A Query Optimization Method Utilizing Large Language Models
Zhiming Yao, Haoyang Li, Jing Zhang, Cuiping Li, Hong Chen
TL;DR
This work tackles the challenge of efficient query optimization in DBMS by replacing the traditional search and cost-model components with two fine-tuned LLMs. The LLMOpt framework introduces $LLM^{G}$ for generating plan candidates and $LLM^{S}$ for global, list-wise plan selection, trained offline on database statistics and execution results. Across JOB, JOB-EXT, and Stack benchmarks, both LLMOpt(G) and LLMOpt(S) outperform PostgreSQL, BAO, and HybridQO, with $LLM^S$ delivering the best practical end-to-end latency. The findings suggest that LLMs, when properly fine-tuned with domain data, can provide robust, scalable, and efficient query optimization, with potential for further acceleration and improved integration in real systems.
Abstract
Query optimization is a critical task in database systems, focused on determining the most efficient way to execute a query from an enormous set of possible strategies. Traditional approaches rely on heuristic search methods and cost predictions, but these often struggle with the complexity of the search space and inaccuracies in performance estimation, leading to suboptimal plan choices.

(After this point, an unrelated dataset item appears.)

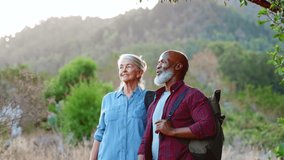 Multi cultural group of senior friends enjoying hiking through countryside together - shot in slow motion - Powered by Shutterstock - Get 15% off with code: PIKWIZARD15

This paper presents LLMOpt, a novel framework that leverages Large Language Models (LLMs) to address these challenges through two innovative components: (1) LLM for Plan Candidate Generation (LLMOpt(G)), which eliminates heuristic search by utilizing the reasoning abilities of LLMs to directly generate high-quality query plans, and (2) LLM for Plan Candidate Selection (LLMOpt(S)), a list-wise cost model that compares candidates globally to enhance selection accuracy. To adapt LLMs for query optimization, we propose fine-tuning pre-trained models using optimization data collected offline. Experimental results on the JOB, JOB-EXT, and Stack benchmarks show that LLMOpt(G) and LLMOpt(S) outperform state-of-the-art methods, including PostgreSQL, BAO, and HybridQO. Notably, LLMOpt(S) achieves the best practical performance, striking a balance between plan quality and inference efficiency.